Возвратившись обратно в комнату, из которой выбежал в таком страхе, Редферн обнаружил там только Вал, крепко спавшую на койке. Остальные... Да, где же они? Редферн не знал, но чувствовал себя таким усталым и сонным, что сразу растянулся на своем топчане. Он вспомнил черно-красные кабели, которые заметил внизу, но решил разобраться с ними утром. Редферн свернулся поудобнее и почти сразу заснул.

Будучи еще молодым человеком, он всегда просыпался рано, бодрым, свежим и готовым хватать покрепче все, что может принести день. Эта привычка сохранилась у него на всем протяжении учебы в колледже и лишь недавно ее стало вытеснять обыкновение понежиться чуть-чуть дольше на подушке, прежде чем встать. Тем утром он сразу вспомнил все — словно таз кипятка вылили на голову. Редферн пощупал антенну и коробочки за ушами. Да, он все помнил верно.

Он заглянул под койку. Кабели, само собой, были на месте, подключенные к разъему под изголовьем топчана и уходившие от него в стену. Что же это может быть? Все приходившие в голову мысли были туманными и ненаучными. Наибольший интерес Редферна был в этот момент сосредоточен на аппарате, пристроившемся на его голове.

Потом Вал что-то сказала испуганным голосом и обернувшись к ней, он сразу увидел, что у нее тоже на голове коробочки и антенна.

— Они хотят загипнотизировать нас, чтобы сделать что-то... ужасное?

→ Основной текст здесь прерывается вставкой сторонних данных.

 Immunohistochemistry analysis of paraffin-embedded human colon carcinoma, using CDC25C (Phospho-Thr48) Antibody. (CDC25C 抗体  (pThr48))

Редферн попытался ободряюще улыбнуться. Он не мог выложить ей того, что думал, а именно, что эти странные люди из Сенчурии, возможно, надели на головы ему и Вал эти странные приспособления для того, чтобы вынудить их подчиняться своей воле. Силы, пробудившие их вчера полными любви и омолодившие всех за один день — даже сам Редферн чувствовал себя намного моложе и преисполнился физической энергии — сегодня пребывали в покое, ибо он не чувствовал столь необыкновенно мощного интереса к Вал. Она тоже посматривала на него дружелюбно, с улыбкой в карих глазах, но так уж не набрасывалась. Раскрылась дверь и вошла прежняя цветущая женщина, толкая тележку с пищей. На сей раз она была одета — в приличное темно-коричневое платье — и не носила обруч переводчика. Редферн, проверив свой переводчик, обнаружил, что тот по-прежнему при нем.

Когда они поели, женщина вернулась за тележкой и ушла. Дверь закрылась за нею и, против обыкновения, приостановилась, прежде чем полностью затянуть центральное отверстие. Редферн тотчас подбежал к двери, наклонился и вставил в отверстие столовый нож, который стащил с подноса.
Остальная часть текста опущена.